- VCD cover
- Directed by: B. Subba Rao
- Written by: B. Subba Rao
- Screenplay by: B. Subba Rao
- Produced by: D. Rama Naidu
- Starring: Sridhar Malashri Sunil Srinath Hema Choudhary
- Cinematography: V. Prathap
- Edited by: K. V. Krishna Reddy K. Madhavan
- Music by: Upendra Kumar
- Production company: Suresh Productions
- Release date: 26 April 1991;
- Running time: 137 minutes
- Country: India
- Language: Kannada

= Thavarumane Udugore =

Thavarumane Udugore is a 1991 Indian Kannada-language drama film directed by B. Subba Rao and produced by D. Rama Naidu under Suresh Productions. The film stars Malashri, Sridhar and Sunil. The film was a remake of the 1988 Rajasthani film Bai Chali Sasariye.
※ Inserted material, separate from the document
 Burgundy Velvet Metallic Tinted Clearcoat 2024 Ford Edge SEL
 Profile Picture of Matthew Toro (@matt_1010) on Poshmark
The film's music was composed by Upendra Kumar and the audio was launched on the Lahari Music banner.

== Plot Summary ==

The story revolves around Lakshmi (Malashri), a kind-hearted and cheerful young woman who is deeply loved by her family. She is married off to a well-to-do gentleman (Sridhar) and transitions into her new life with her in-laws. The title Thavarumane Udugore refers to the traditional sentiments, responsibilities, and emotional attachments connected to the gifts a bride receives from her maternal home as she transitions into her husband's family.
However, the narrative takes an emotional and dramatic turn when complex family dynamics, hardships, and misunderstandings begin to threaten her happiness. Lakshmi's deep bond with her parents and brothers comes under heavy strain due to societal and financial pressures. Throughout the emotional turmoil, Lakshmi emerges as a pillar of sacrifice and endurance, trying to mend broken familial ties and bring harmony back to both households. The film follows her journey through dense emotional conflicts, leading up to a dramatic and sentimental climax that tests the strength of maternal and marital bonds.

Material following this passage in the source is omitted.